What you need to do: Would you please set down, word for word, the lines from the one with "Pedayung putri Indonesia" through the final line of the data below, omitting any pictures?
(Data for analysis Opens)
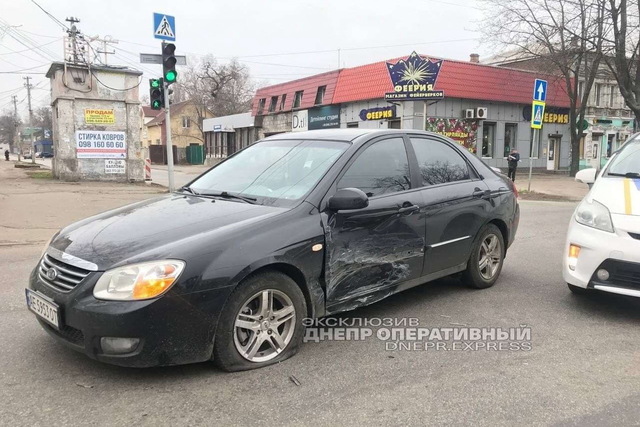 В Днепре на Нигояна водитель Kia спровоцировал ДТП: видео момента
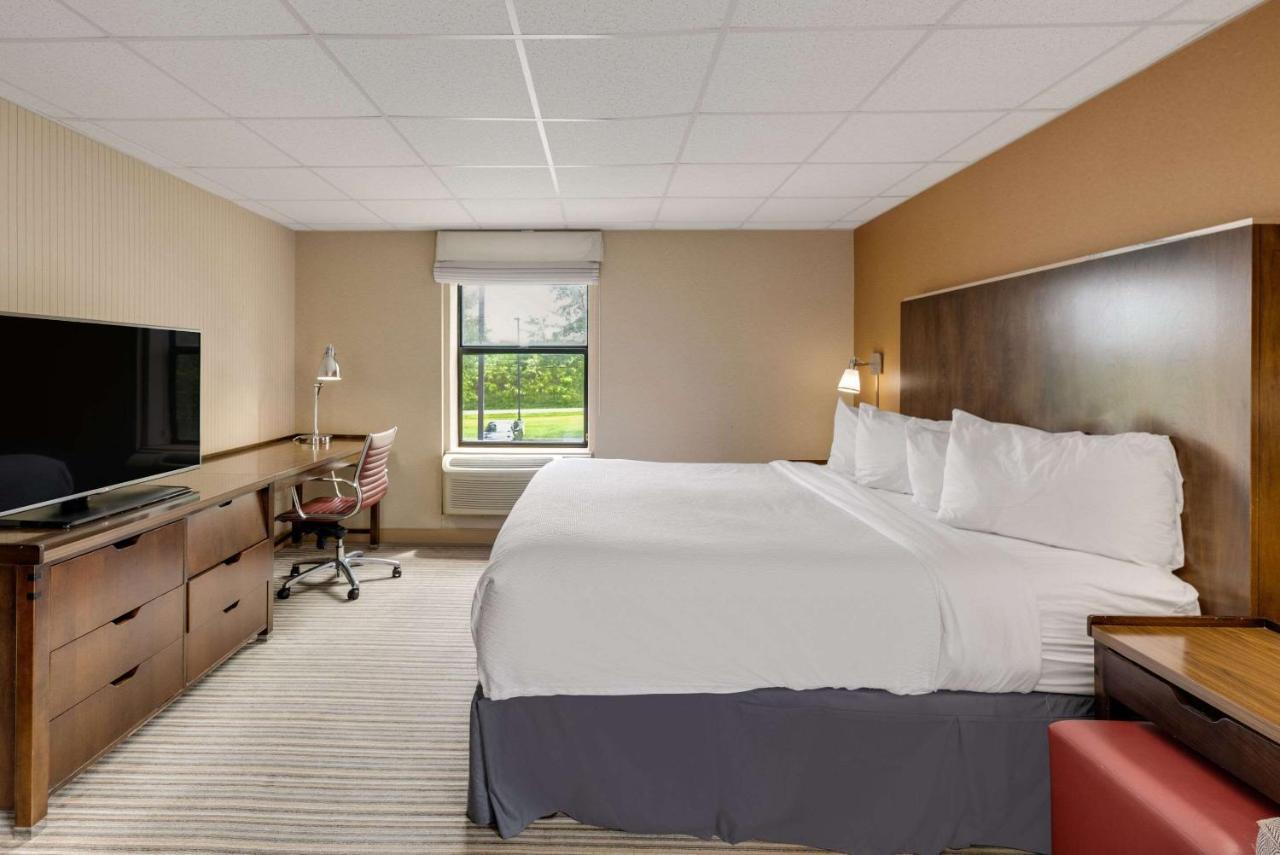 The Crossroads Hotel - Newburgh Luaran gambar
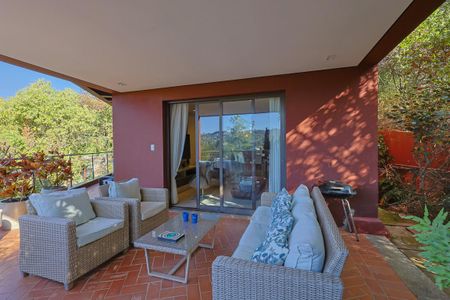 Casa de condomínio à venda com 350m², 3 quartos e 4 vagasVaranda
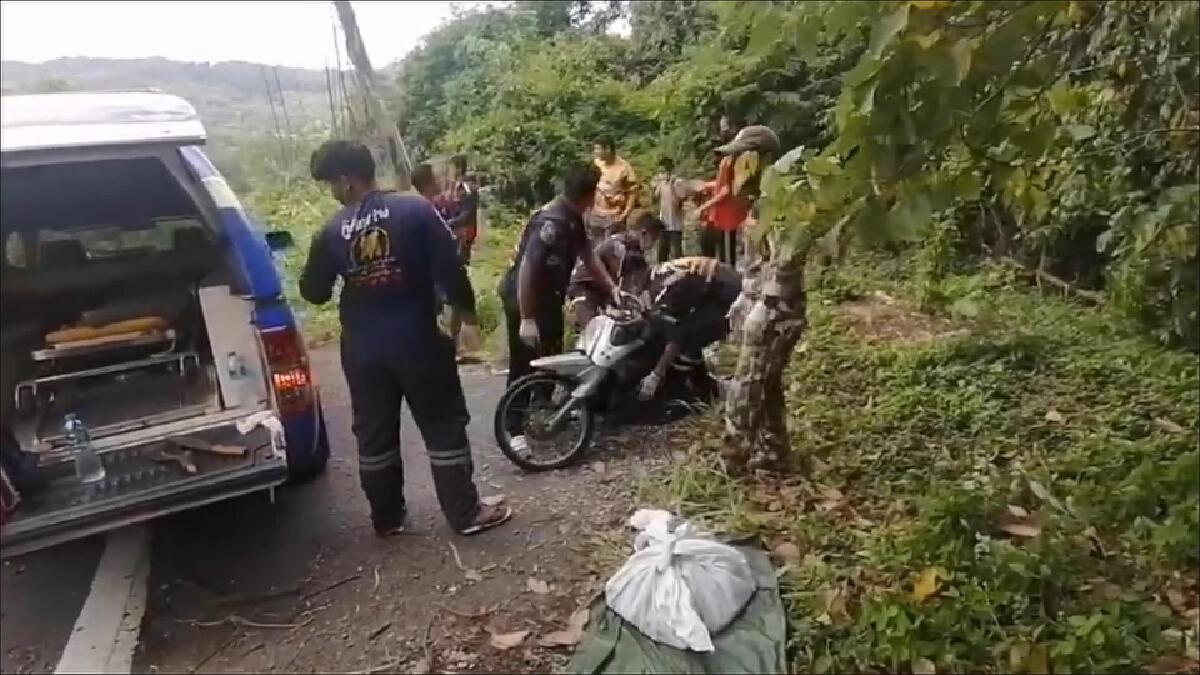 เจ้าหน้าที่การเก็บกู้ร่างนายชอบ จำปาทอง  ขึ้นมาจากเหว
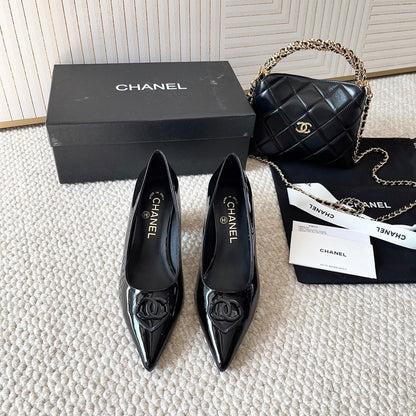 Chanel 2026 Pump With Heart-shaped Buckle Black Patent Leather 787144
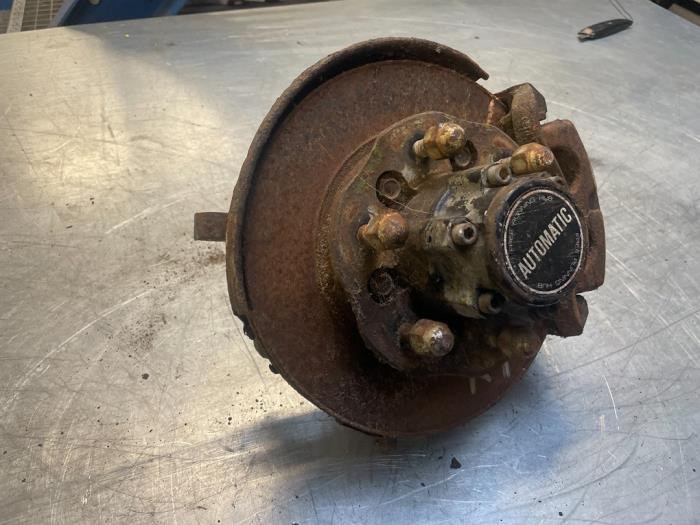 Fusee links-voor van een Nissan Terrano, Gebruikt, -, -, Ophalen of Verzenden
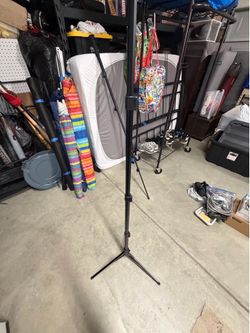 Camera tripod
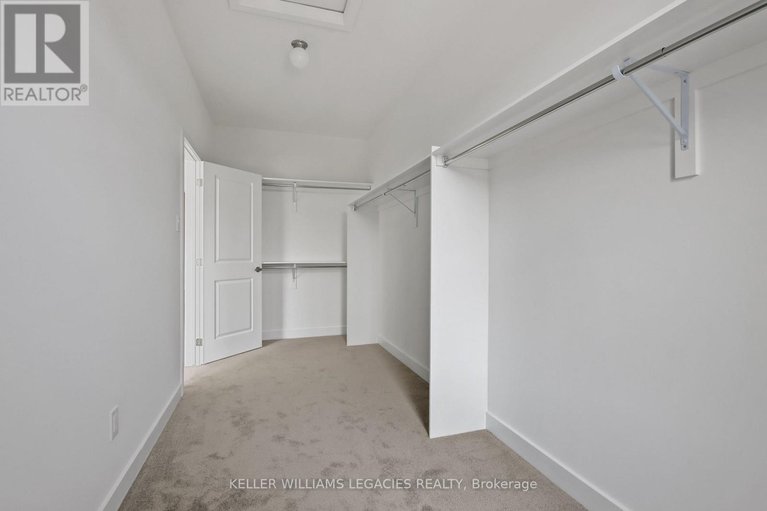 28608442/11-mendoza-way/emerald-meadowstrailwest/ottawa/ontario/K2S1B6_30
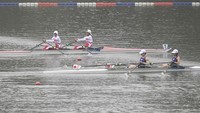 Pedayung putri Indonesia Chelsea Corputty (kedua kiri) dan Mutiara Rahma Putri (kiri) memacu kecepatan pada final kelas Light-weight Double Scull di Fuyang Water Sports Center, Hangzhou, China, Minggu (24/9/2023). 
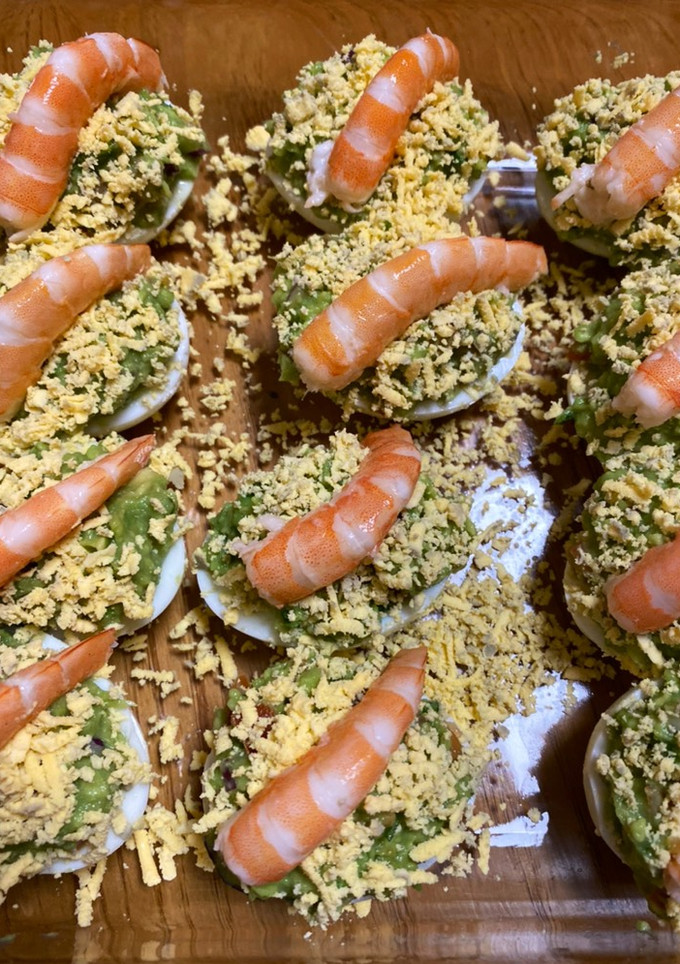 Una foto de Huevos rellenos de guacamole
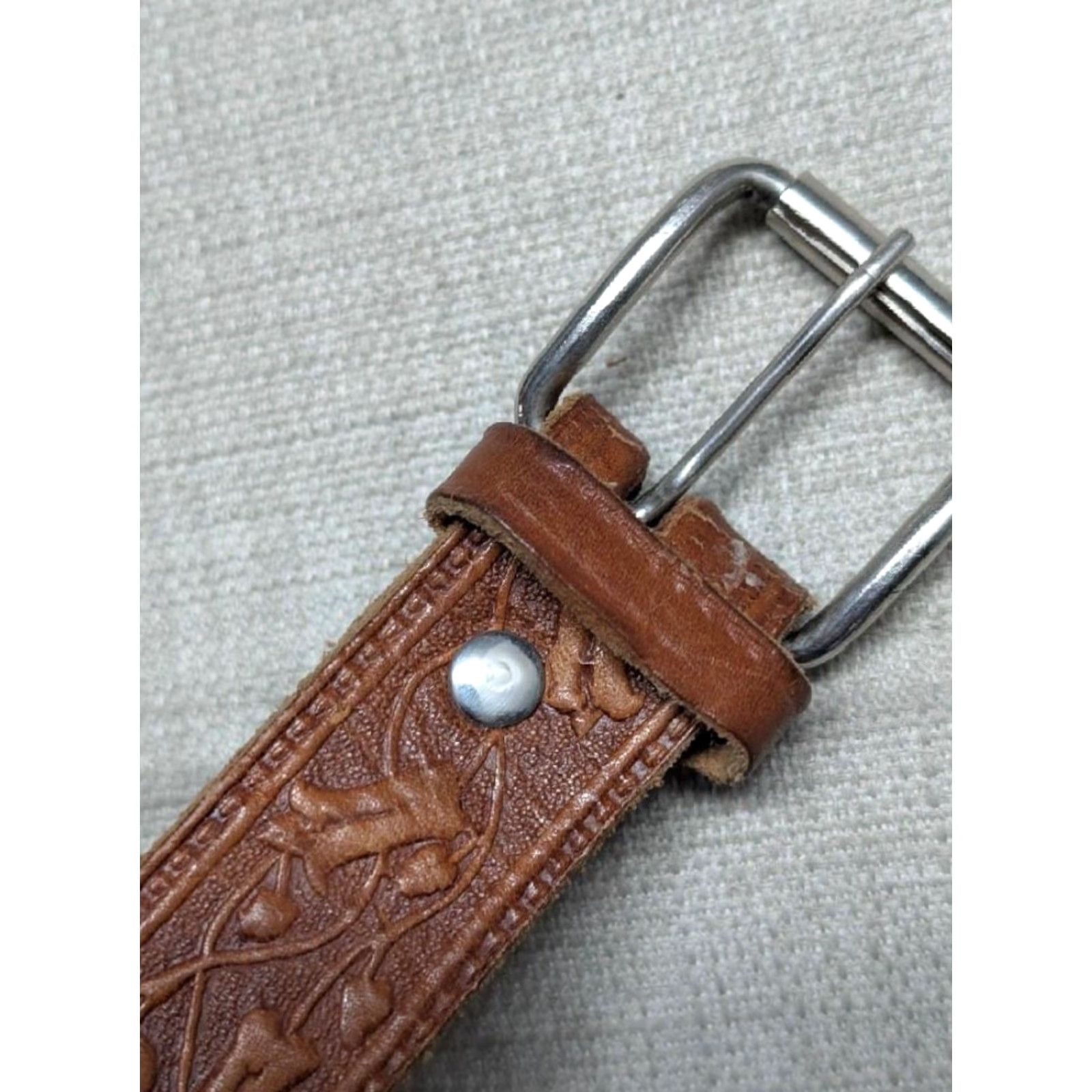 Vintage VINTAGE handcrafted western belt Tooled 34 Brown Cowhide Leather Buckle belt Men 34/36 Western belt Mens Brown Tooled N/A Size 36 - 4 Thumbnail
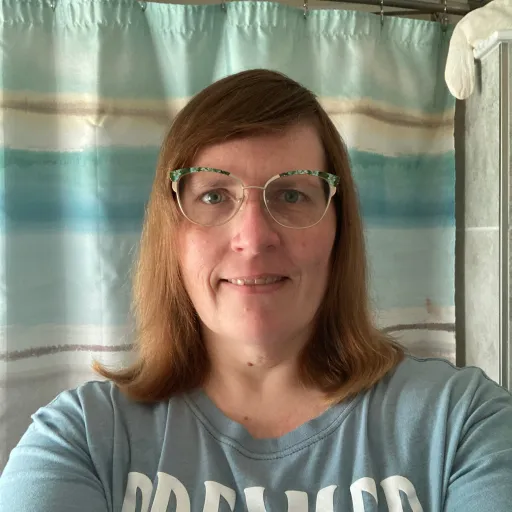 creator Julie Leigh's avatar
(Data for analysis Closes)
Response:
 Pedayung putri Indonesia Chelsea Corputty (kedua kiri) dan Mutiara Rahma Putri (kiri) memacu kecepatan pada final kelas Light-weight Double Scull di Fuyang Water Sports Center, Hangzhou, China, Minggu (24/9/2023). 
 Una foto de Huevos rellenos de guacamole
 Vintage VINTAGE handcrafted western belt Tooled 34 Brown Cowhide Leather Buckle belt Men 34/36 Western belt Mens Brown Tooled N/A Size 36 - 4 Thumbnail
 creator Julie Leigh's avatar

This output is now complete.